Abstract

Option pricing should be based on a realistic process for the underlying and on the construction of a risk-neutral measure as induced by a no-arbitrage replication strategy. This paper presents a realistic and complete, first principles,'' computation of option prices. The underlying is modeled by a long-memory ARCH process, with relative returns, fat-tailed innovations and multi-scale leverage. The process parameters are estimated on the SP500 stock index (in the physical P measure) and allows to reproduce all empirical statistics, from 1 day to 1 year. For a given risk aversion function, the change of measure from P to the risk-neutral measure Q can be derived rigorously along each path drawn from the process, namely the Radon-Nikodym derivative dQ/dP can be constructed. A small DT expansion allows to compute explicitly the change of measure.

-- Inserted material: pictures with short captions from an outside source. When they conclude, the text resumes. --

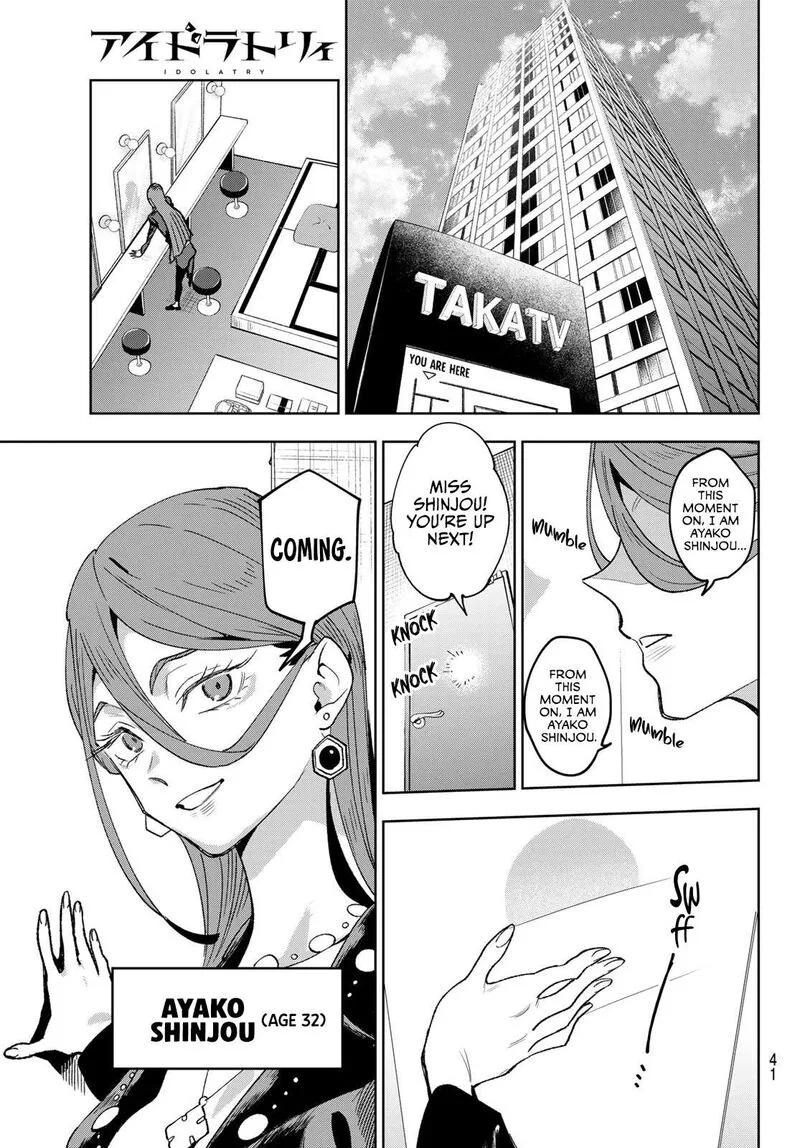 Idolatry (OOTAKA Shin) Chapter 1 page 28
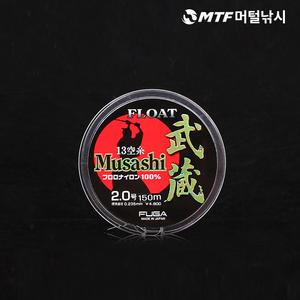푸가 무사시 플로팅 13중공사 150m 바다원줄/모노라인/낚시줄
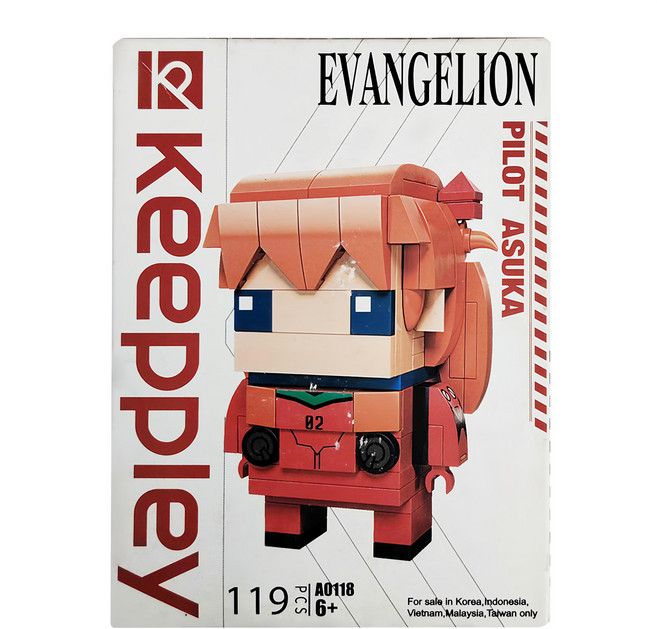 KEEPPLAY 奇妙積木 新世紀福音戰士系列 明日香, 1個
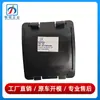 51717394830 51717394829 es adecuado para el panel de cubierta del revestimiento del guardabarros delantero del BMW X3 G08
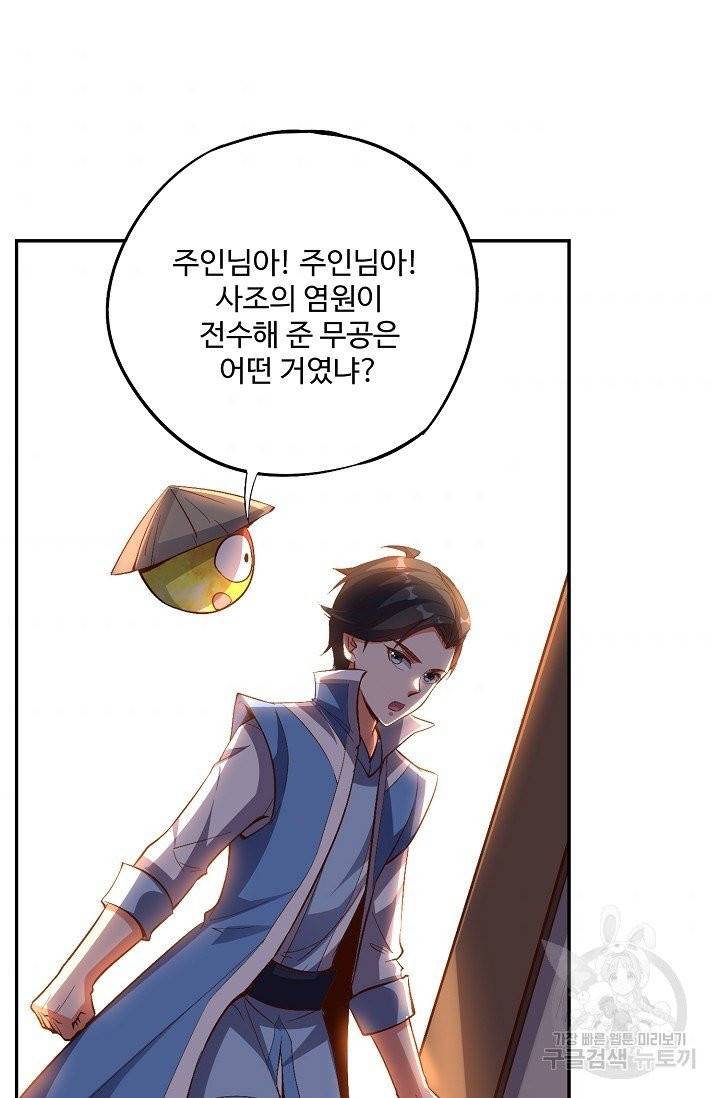 복천성주 18화 55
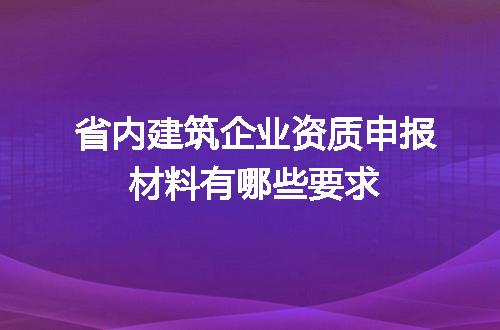 https://jian-housekeeper.oss-cn-beijing.aliyuncs.com/news/bannerImage/668720.jpg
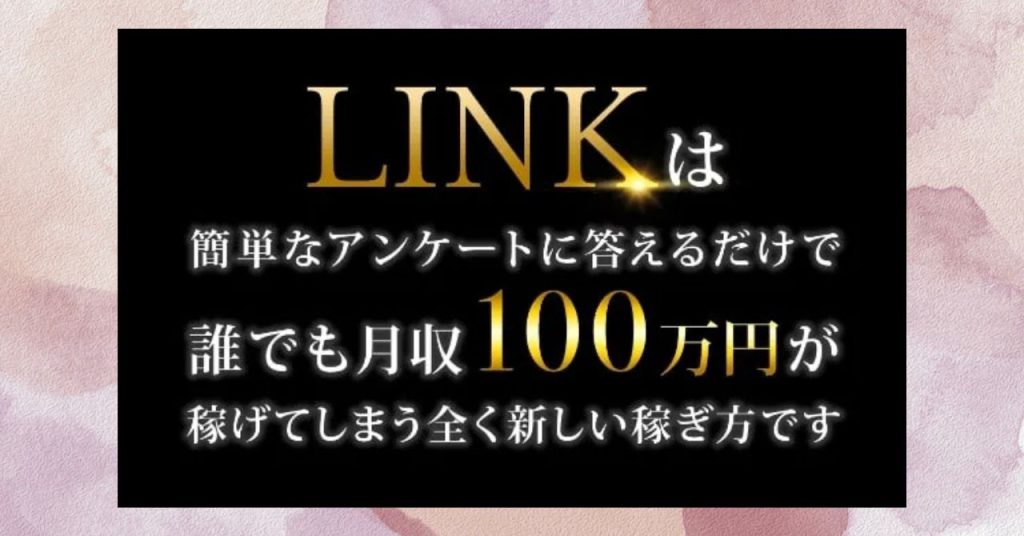 LINKは詐欺か？【結論と概要】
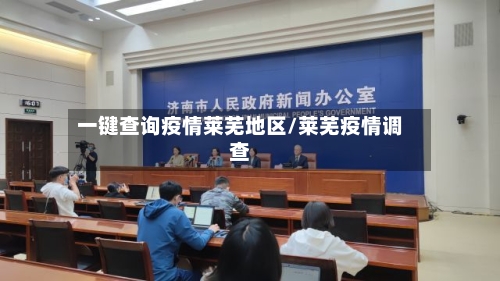 一键查询疫情莱芜地区/莱芜疫情调查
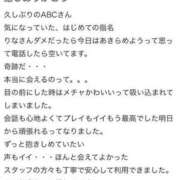 朝日りな お礼です? ABC 岩手ソープ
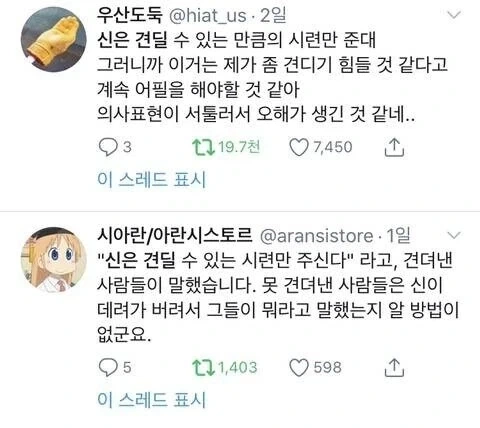 신은 정말로 견딜 수 있는 만큼의 시련만 주시는 걸까.jpg_2.webp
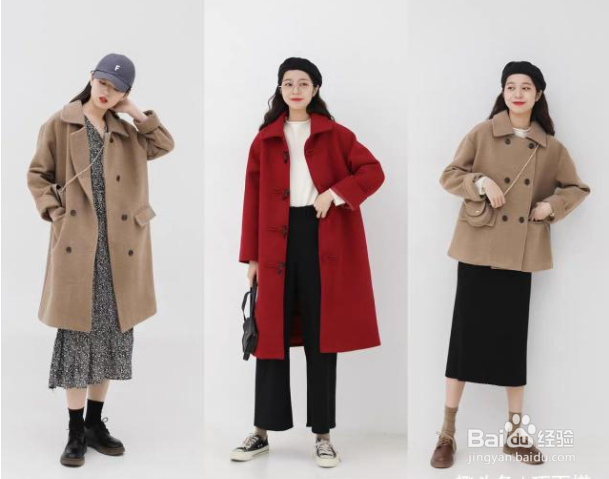 香奈集品牌女装：冬天气质又保暖27套穿搭技巧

Finally, the European option price is obtained as the expectation in P of the discounted payoff with a weight given by the change of measure dQ/dP. This procedure is implemented in a Monte Carlo simulation, and allows to compute the option prices, without further adjustable parameters. The empirical study uses European put and call options on the SP500 from 1996 to 2010. The computed implied volatility surfaces are compared with the empirical surfaces, in particular with respect to the level, smile, smirk and term structure. All the main characteristics of the implied volatility surfaces are correctly reproduced. Further points concern the respective role of the P and Q measures, the distribution of the terminal prices in both measures, the negligible effect of the risk aversion and drift premium, and the empirical validity of the no-arbitrage argument. Finally, simplifications of the present exact scheme are suggested.